Your Body Knows What’s Good for You

Like most people, I have two desires—to satisfy my food cravings and to live a healthy, long life.

When I was a teenager, I was skinny, so I didn’t worry about getting fat—I just fed my body what it craved. Every weekday before I left the Orange Daily News to deliver my newspapers, I would walk next door to the jewelers and put a dime in his pop machine to buy my bottle of Coke. Then, biking to my paper route, I would stop at the gas station and buy a Heath candy bar. Another time I bought a quarter pound of fudge, took a chaste bite, and then ate the whooole thing in ten minutes. [Stupid, but it was totally worth it].

Even today, I favor the ice cream and chocolate food groups over leafy vegetables, carrots, or peas. My wife, the voice of reason, fights a long-term battle against my cravings. She cooks wonderful, healthy meals, but I still major on desserts. She says, “I give up! Eat what you want. But don’t expect me to take care of you when you get sick.” (Empty threat.) She’s already picked out my tombstone epitaph—“I tried to tell him, but he wouldn’t listen.”

Despite all I’ve learned about nutrition, despite the scientific evidence, despite my wife’s rational suggestions, I still eat junk food.

There’s a reason I eat this way—I’m an expert at self-deception (SD). I tell myself: “I eat better than my friends,” “I’ll eat better next week,” “I know a guy who ate junk food and lived into his 90s,” or, “Just this one time; I’ll take just one piece.”

Do I believe these lies? Well, it’s complicated. The best explanation is that I believe the lie now. (Why spoil a great experience!) And just after eating, I can repent and believe the voice of reason. This allows me to enjoy my junk food and still preserve my self-respect—to see myself as a rational, disciplined person who will make good (future) decisions. But of course, that’s a lie also, and my fake resolve doesn’t motivate me to change my behavior.

Why do we do this? SD is always motivatedyou have reasons to deceive yourself. You self-deceive because you want something. What you want is to have your cake and eat it too, so you act on one conviction that contradicts a more important conviction. You want to satisfy an immediate desire or give yourself permission to violate a moral code.

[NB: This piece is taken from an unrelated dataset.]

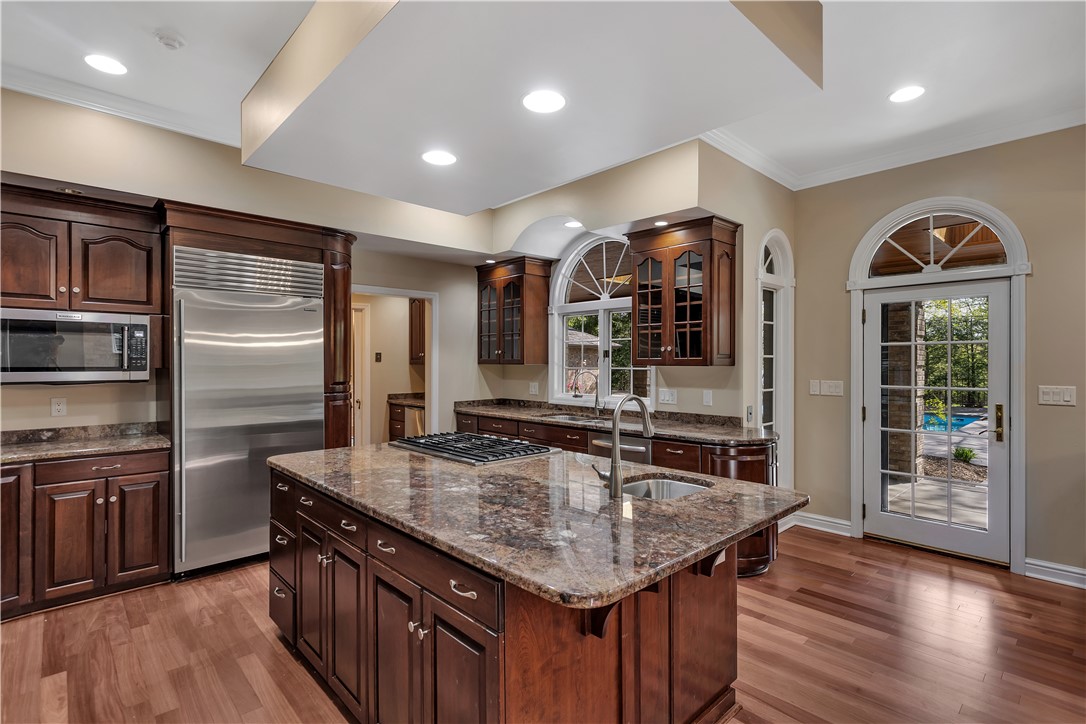 850 12th Street St, Oakmont, Pennsylvania image 20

SD works because of our compartmentalized brains. Each of us has a “reptile” brain (hippocampus)—older, simpler, and associated with instinctual behavior, such as “fight” or “flight.” In addition we have a new brain (“neocortex”) that is rational and deliberating, the part of our brain that says, “Wait a minute—will this serve your long-term interest?” We can call the hippocampus “Junior,” and the neocortex “Mother.” Junior does what Junior wants to do; Mother does what she plans to do. SD occurs when we let Junior win over Mother.

But why worry about a little innocent SD?

Because it’s not innocent. The stories above show how SD can be dangerous to your health. SD promotes lazy, habitual eating that may lead to addiction. SD represents a divided care for yourself, and works against a healthy, integrated personhood. Most seriously, it tempts you to “self-divinize”— to substitute your own flawed judgment for God’s.

What to do about SD? How combat the voice of Junior and listen to Mother’s voice?

First, I need to continually remind myself to focus on the long term, to remember that I’m constantly investing for the future, and to focus on behaviors that will enhance that future.

Second, it helps if I can find an accountability partner—a brave, faithful friend who will hold me accountable, who will constantly tell me the truth and call me out when I’m self-deceiving.

Third, I can reward myself when I’ve made a good decision. Like Mother used to say, “If you eat your carrots and broccoli you’ll enjoy your dessert more.”

Finally, I can listen more to the voice of the Spirit, that voice that knows me most intimately, cares most deeply about me. I can base my choices, not on my desires of the moment, but rather on God’s highest, best purpose for me. My body thinks it knows what’s good for me, but the Spirit knows even better.